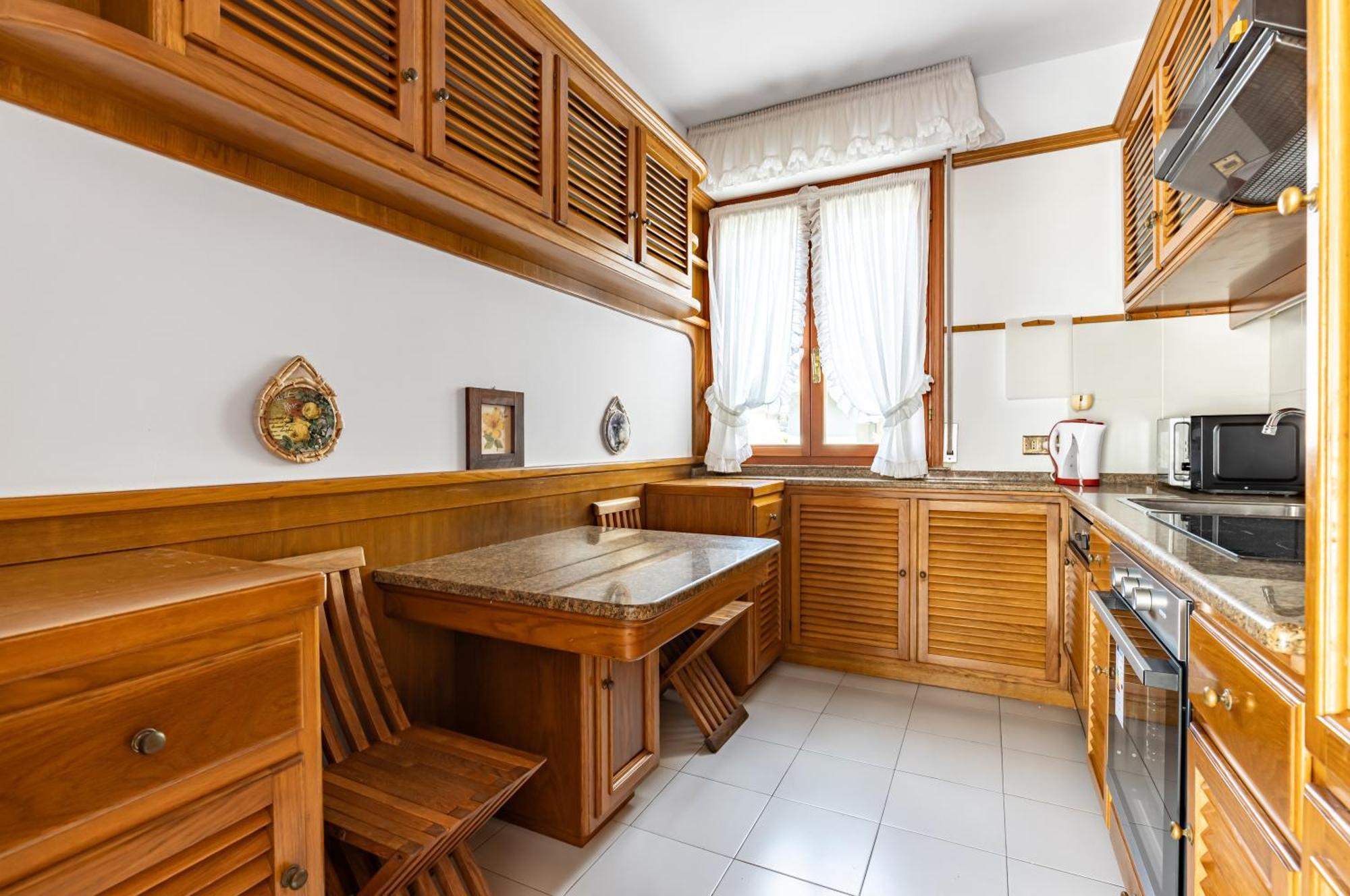 Two-Levels Apartment With Terrace And Parking Viareggio Zewnętrze zdjęcie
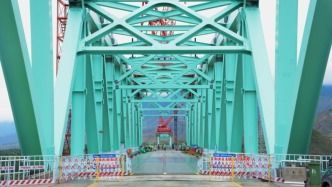 川青鐵路尖扎黃河特大橋發(fā)生施工繩索斷裂事故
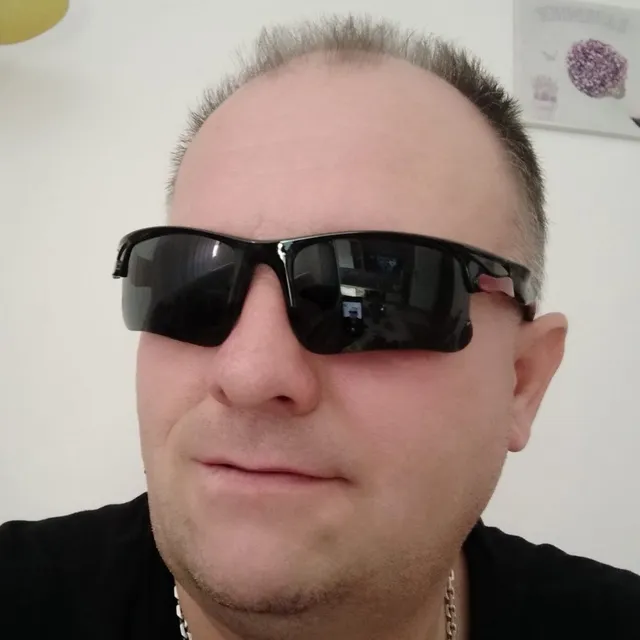 Miro fekete napszemüvegben és fekete pólóban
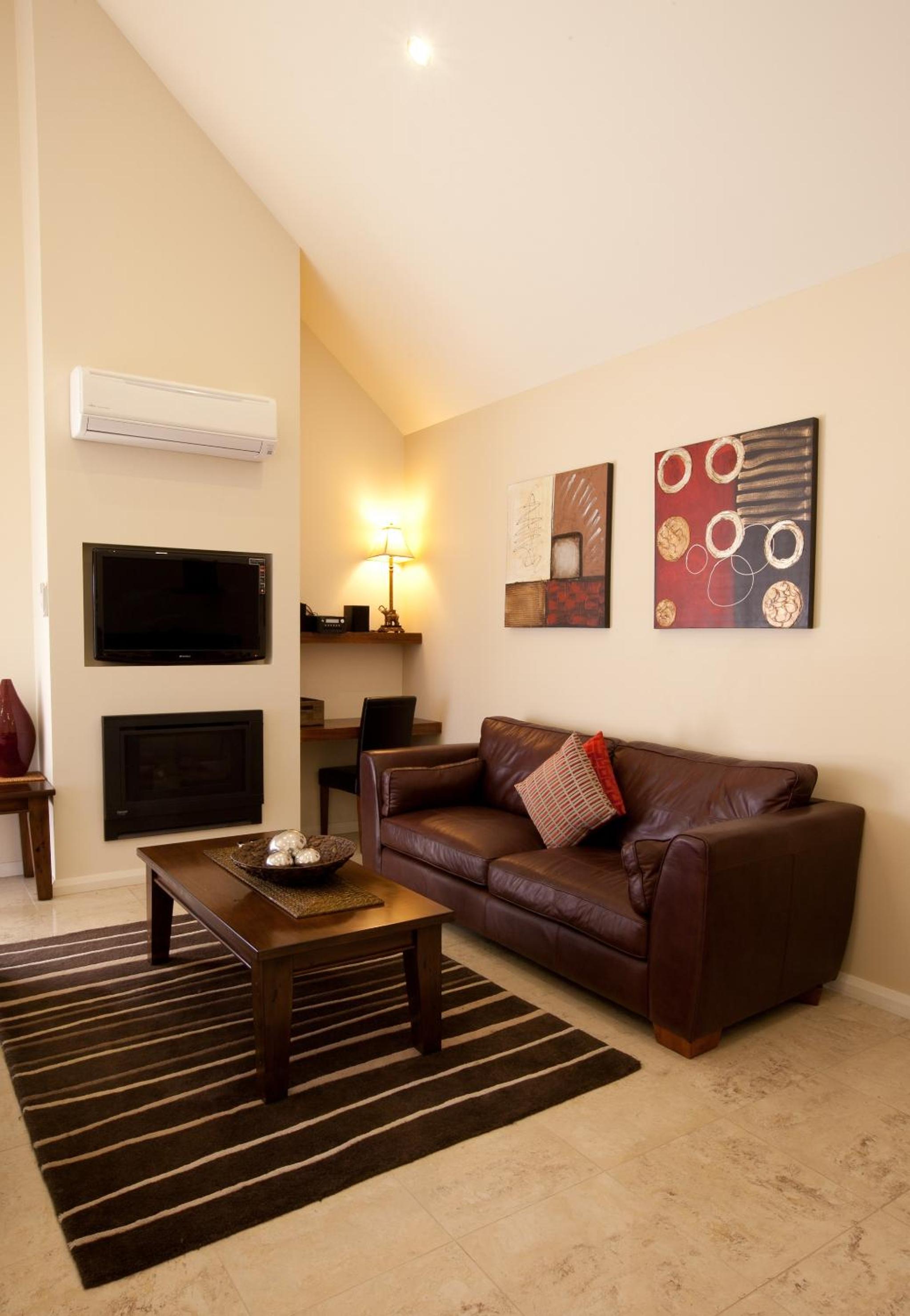 One-Bedroom Villa photo 1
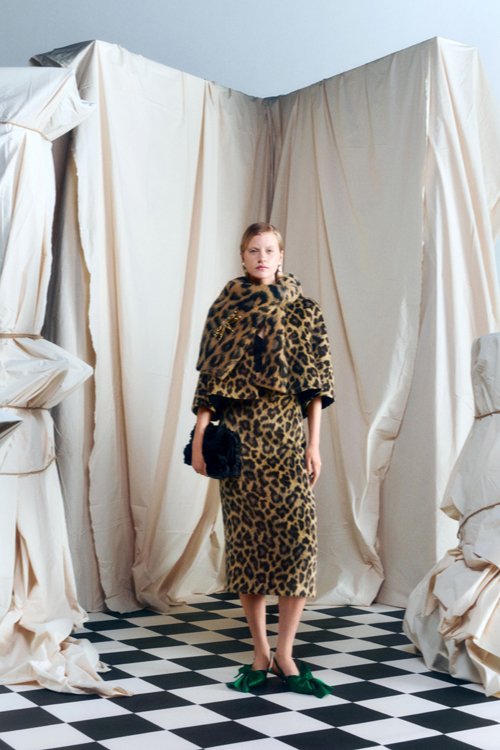 An Inspiring Erdem Introduction to the Hot Season
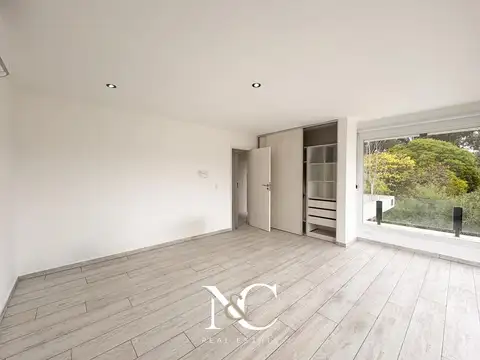 Casa 6 ambientes con 4 baños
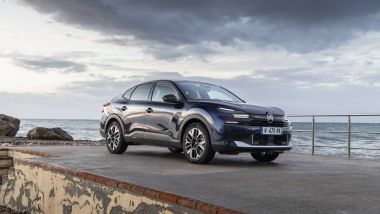 Nuova Citroen C4 X 2025, 3/4 anteriore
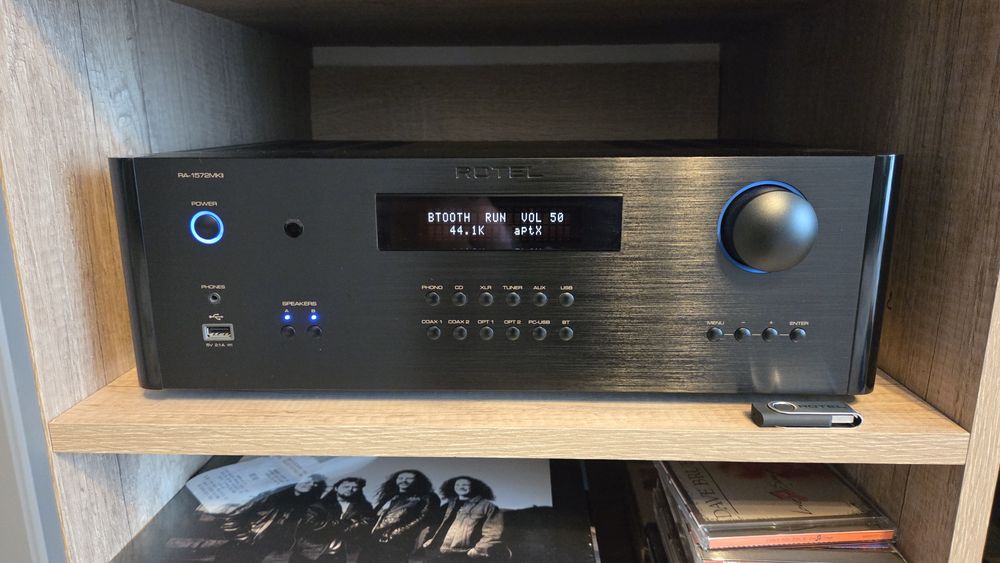 Amplificator integrat Rotel 1572 mk2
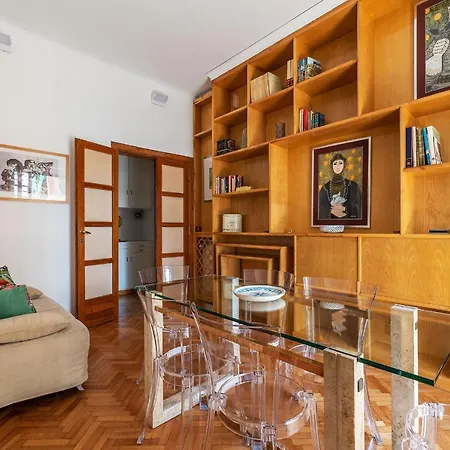 Guesthost - Sapienza & Borghese Comfy Appartement
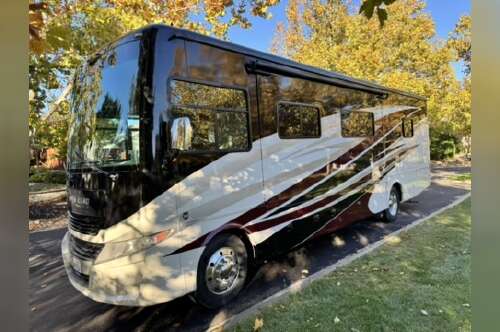 2018 Tiffin Motorhomes ALLEGRO OPEN ROAD 32 SA in livermore CA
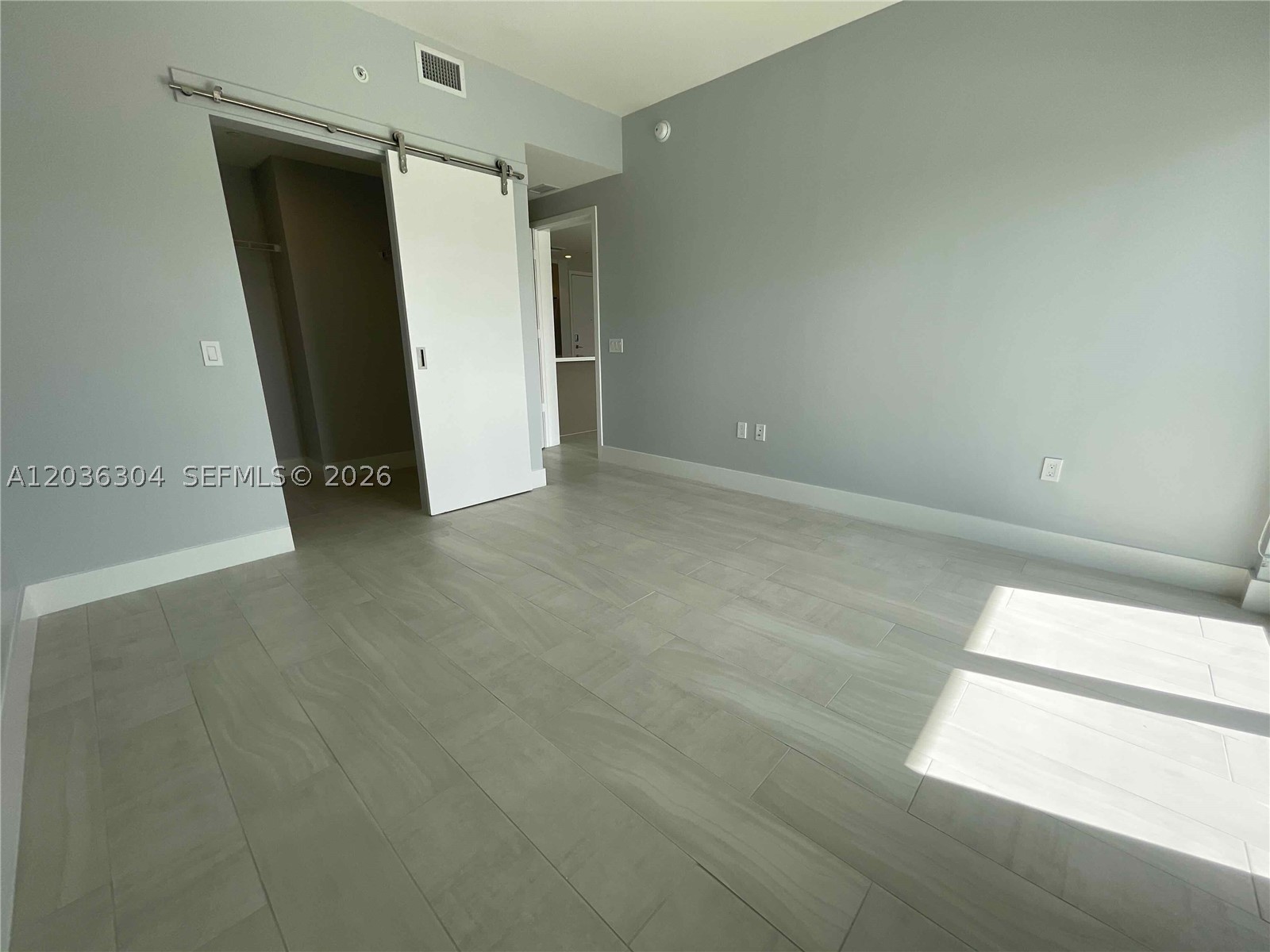 METROPICA NORTH TOWER ONE - Residential Lease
-*-
Every line of the listing above is to be set down verbatim, without the pictures.

 Two-Levels Apartment With Terrace And Parking Viareggio Zewnętrze zdjęcie
 川青鐵路尖扎黃河特大橋發(fā)生施工繩索斷裂事故
 Miro fekete napszemüvegben és fekete pólóban
 One-Bedroom Villa photo 1
 An Inspiring Erdem Introduction to the Hot Season
 Casa 6 ambientes con 4 baños
 Nuova Citroen C4 X 2025, 3/4 anteriore
 Amplificator integrat Rotel 1572 mk2
 Guesthost - Sapienza & Borghese Comfy Appartement
 2018 Tiffin Motorhomes ALLEGRO OPEN ROAD 32 SA in livermore CA
 METROPICA NORTH TOWER ONE - Residential Lease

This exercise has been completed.